- [YOUR OBJECTIVE] What needs reproducing is the run of lines in the data below starting at the line with "Anthropologie Feather Bone" and ending at the line with "4x VOLVO 10x4 vd Beeten kip 2", both ends included. Copy it exactly, without pictures, and add nothing.

[[ GIVEN RECORDS open ]]

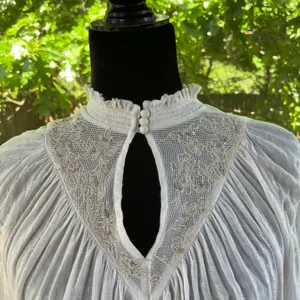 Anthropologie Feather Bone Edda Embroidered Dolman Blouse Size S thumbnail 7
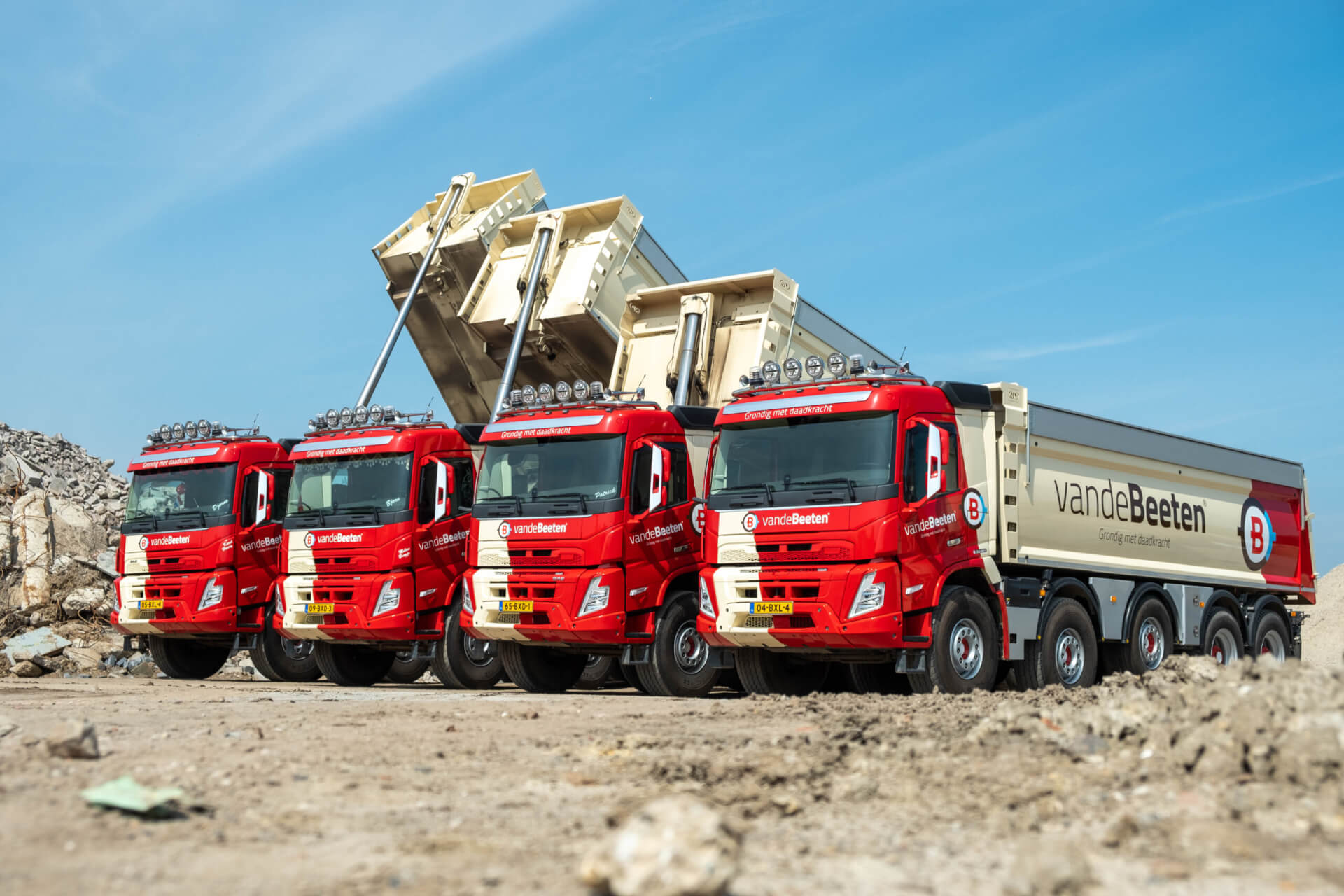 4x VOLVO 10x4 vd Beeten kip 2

[[ GIVEN RECORDS closed ]]
[[ GIVEN RECORDS open ]]

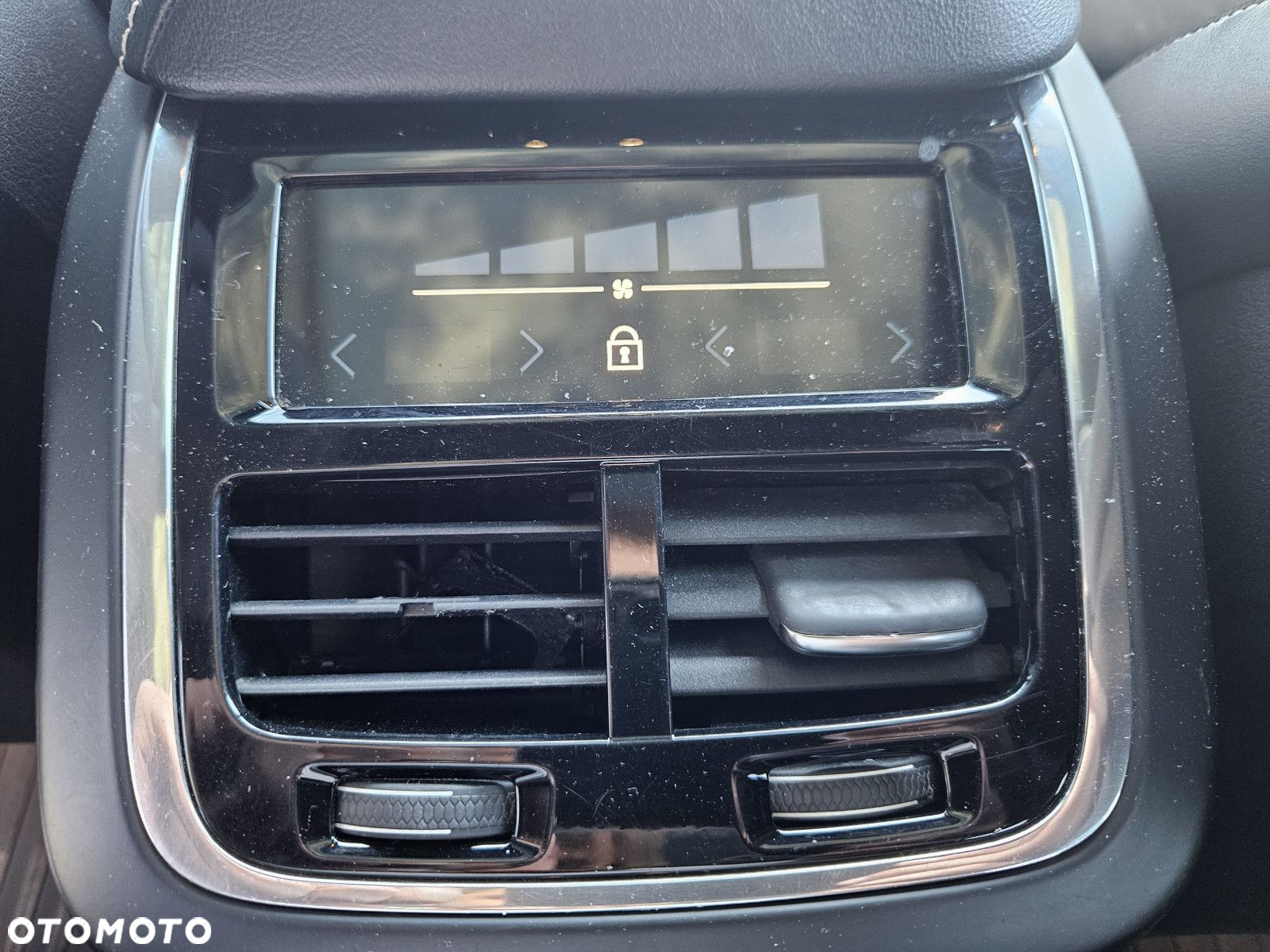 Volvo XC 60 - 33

[[ GIVEN RECORDS closed ]]

- [TASK RESPONSE]
 Anthropologie Feather Bone Edda Embroidered Dolman Blouse Size S thumbnail 7
 4x VOLVO 10x4 vd Beeten kip 2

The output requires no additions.